The operated hens are quiet and nearly voiceless. None of Goodale’s birds were heard to crow, yet this seems to be a well-known peculiarity of old hens that have become cock-feathered. The operated hens are not larger than the normal hens of the same breed. Their legs remain short, as in the normal hen; and in this respect and in size the ovariotomized bird is externally a female. The poullards “never visit the nests, never sing or cackle, show none of the normal female reactions, and few or none of the male.

The influence of the ovary in suppressing the cock plumage has been convincingly shown in an experiment of Goodale’s, in which, after removal of both testes from the young Leghorn cock, pieces of ovaries were inserted into the body-cavity. As dissection showed later, several of these implanted pieces grew onto the wall of the body-cavity. The birds developed the plumage of a hen, although some traces of the male plumage were at times present. The difference between the sexes is so great in Brown Leghorns that the hen-feathering of the feminized cockerels leaves no doubt that the presence of the ovary had produced the female coloration.
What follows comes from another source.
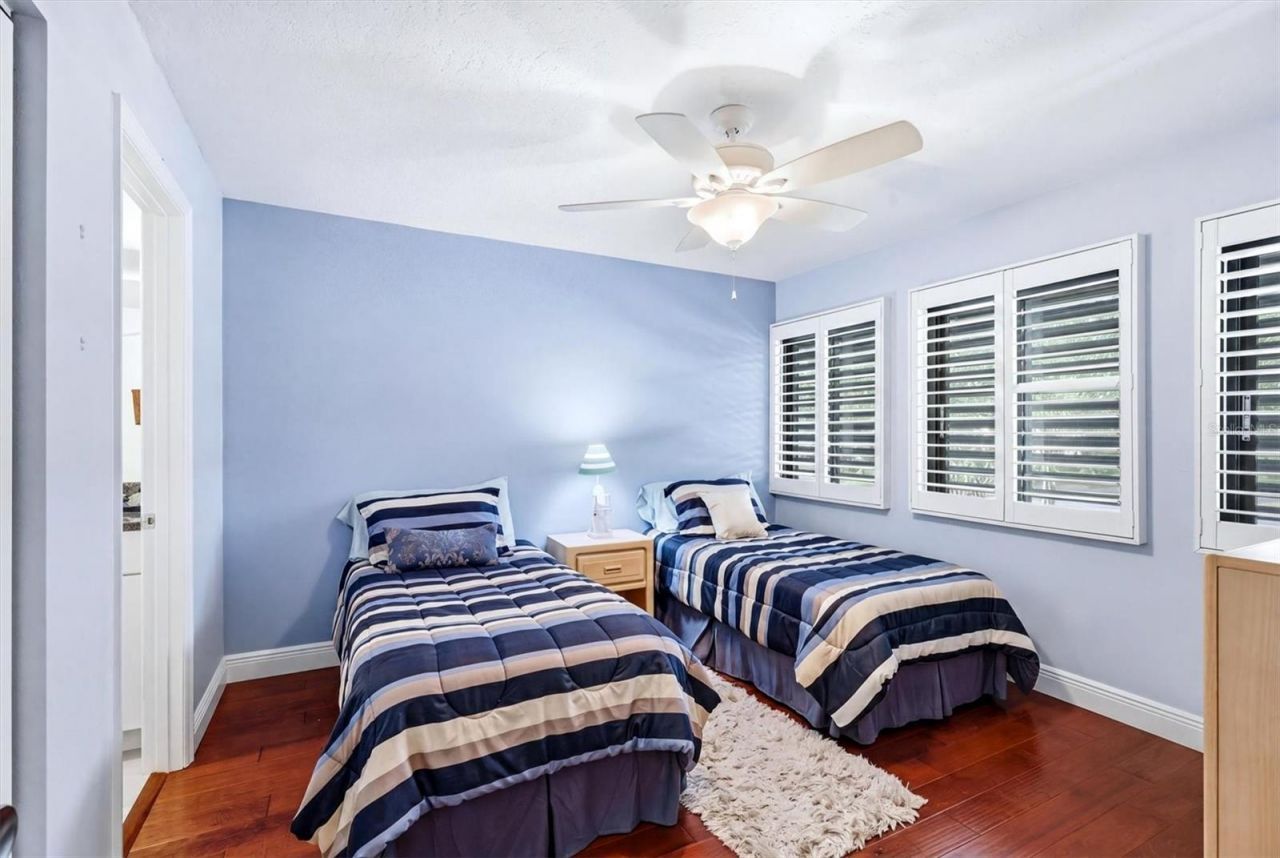 5186 Lake Village Drive, Unit 90, Sarasota, FL 34235 Photo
Geoffrey Smith and Mrs. Haig Thomas (1913) have examined a number of hybrid pheasants, some of which were sterile. They found that the ovary (and oviduct) was often small and degenerate. There was a more or less corresponding tendency for such female hybrids to show male feathering, at least in a part of the plumage. The degeneration of the sex element, however, does not take place until after the time of synapsis, so that the younger germ-cells may be normal. The later degeneration of these cells is not likely to influence the secondary sexual characters, but may be an index of changes in other parts of the ovary.

Geoffrey Smith had a breed of White Leghorns with cocks of two classes—those that assumed cock plumage at 6 months, and those that are like the hens for 8 months, after which they slowly assume the cock-feathering. The difference is hereditary and appears to segregate. Possibly this breed had one factor at least for hen-feathering that is more effective for young birds than for older ones.

Smith states that birds and crabs (see infra) appear to give opposite results, since removal of the ovary in the former leads to development of secondary male characters and removal of testes in the latter to secondary female characters. But he adds that he thinks the results are really the same, because in the crab it is not the suppression of the testis but the feminization of the male by the Sacculina that causes the change.